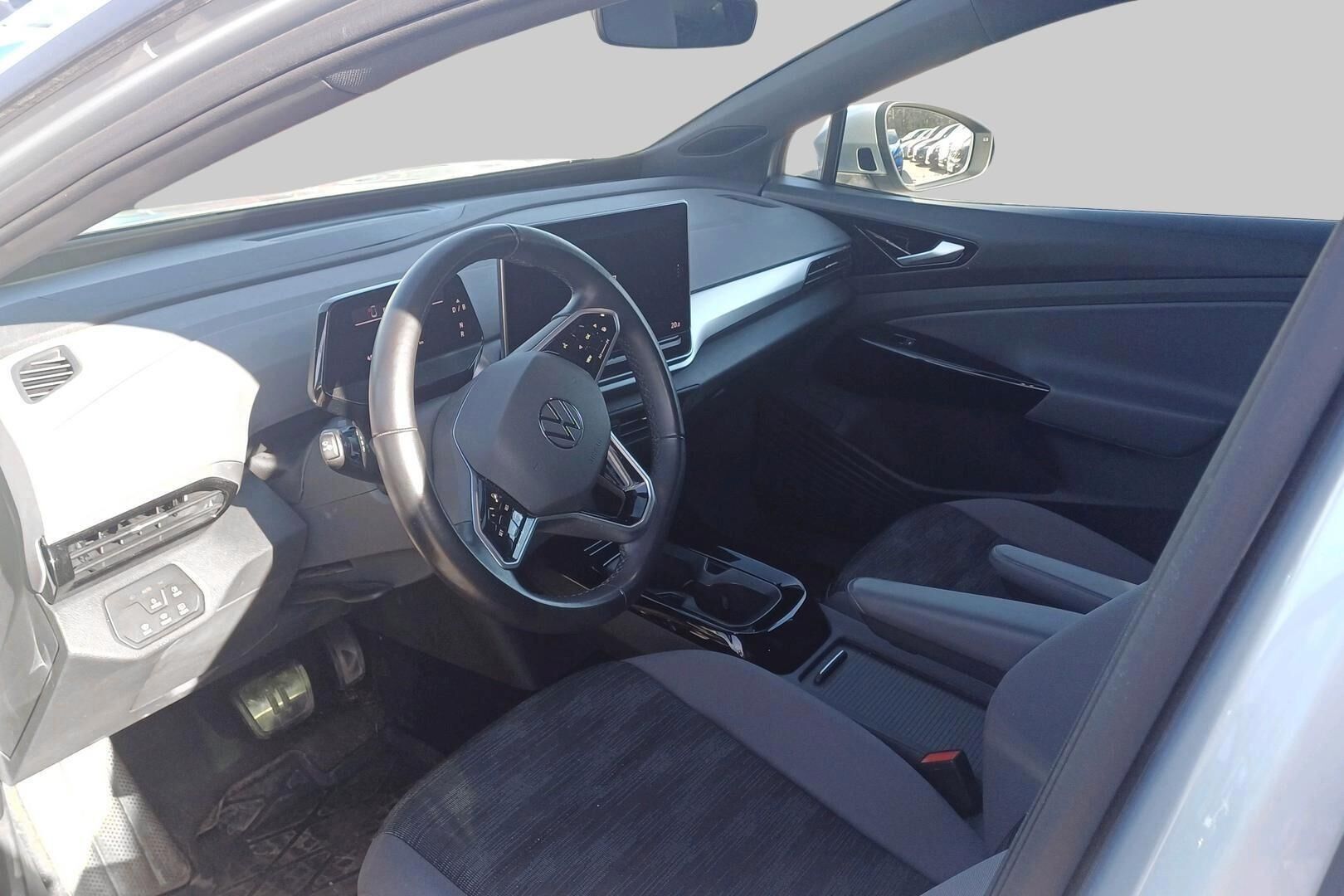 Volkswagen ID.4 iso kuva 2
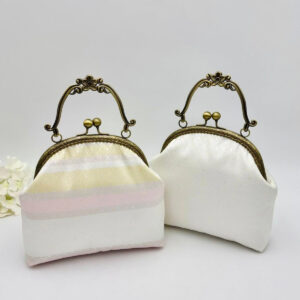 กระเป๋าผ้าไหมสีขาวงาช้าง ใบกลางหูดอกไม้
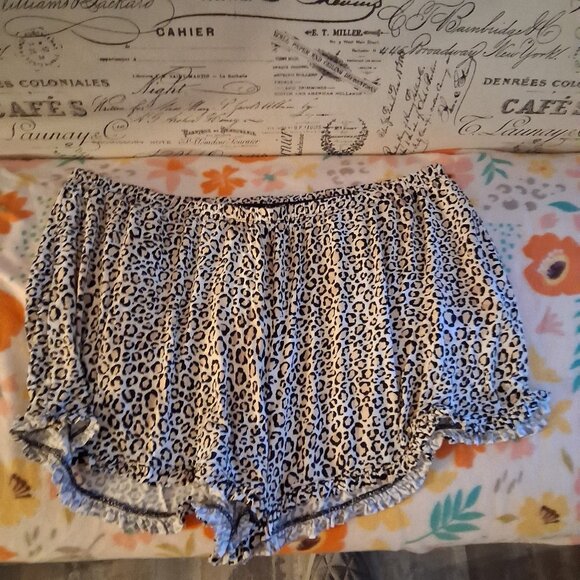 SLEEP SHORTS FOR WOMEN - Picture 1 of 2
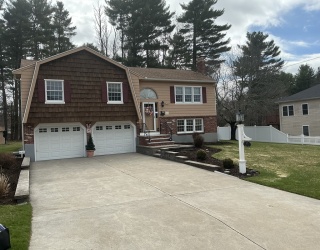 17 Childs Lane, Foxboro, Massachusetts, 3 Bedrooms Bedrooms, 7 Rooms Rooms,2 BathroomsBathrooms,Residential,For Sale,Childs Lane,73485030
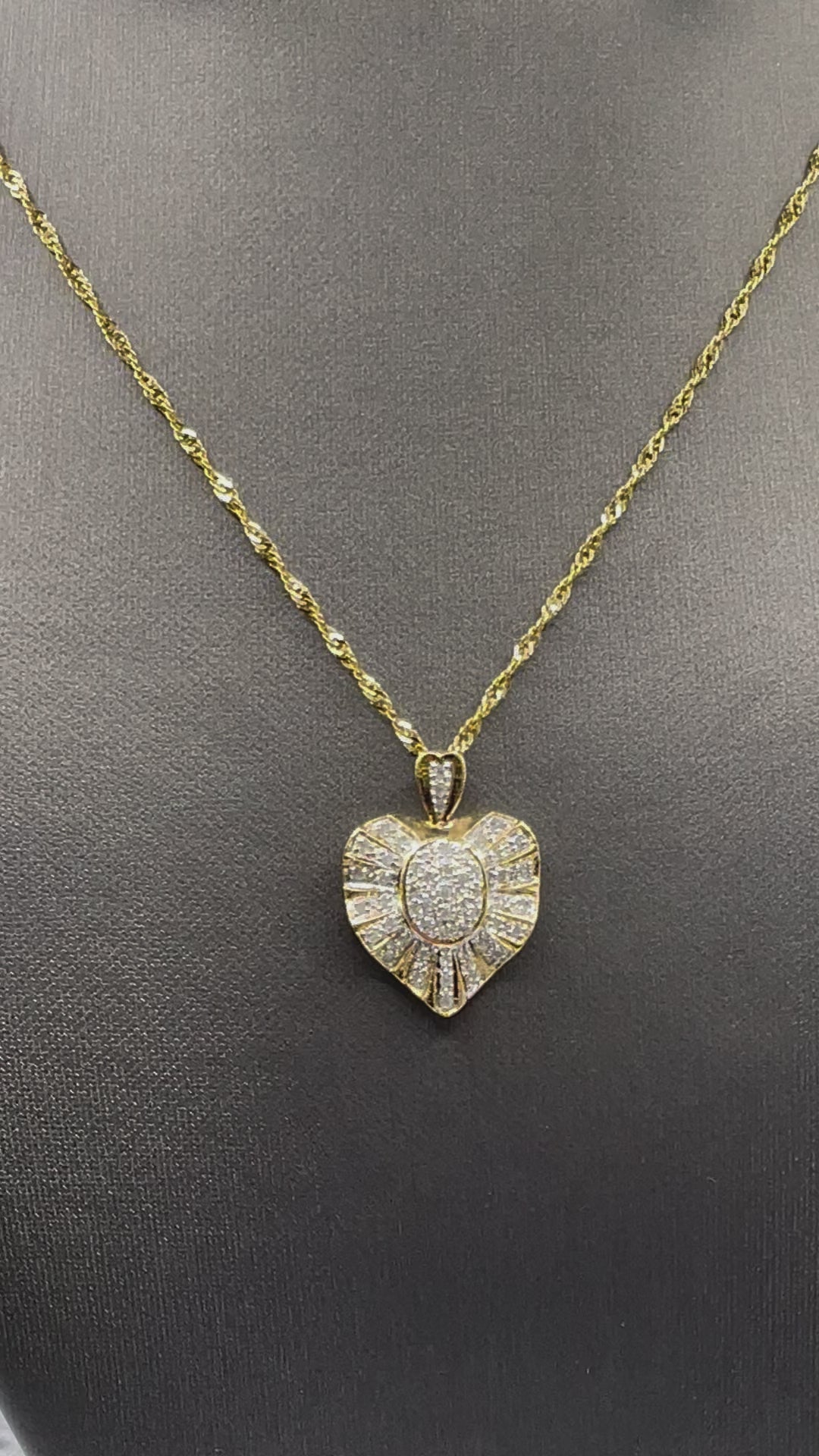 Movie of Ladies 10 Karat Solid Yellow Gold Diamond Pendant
+ + + + +
• [Exercise requirements]: Would you write out each record above exactly, with no images?

• [Output of the exercise]:
 Volkswagen ID.4 iso kuva 2
 กระเป๋าผ้าไหมสีขาวงาช้าง ใบกลางหูดอกไม้
 SLEEP SHORTS FOR WOMEN - Picture 1 of 2
 17 Childs Lane, Foxboro, Massachusetts, 3 Bedrooms Bedrooms, 7 Rooms Rooms,2 BathroomsBathrooms,Residential,For Sale,Childs Lane,73485030
 Movie of Ladies 10 Karat Solid Yellow Gold Diamond Pendant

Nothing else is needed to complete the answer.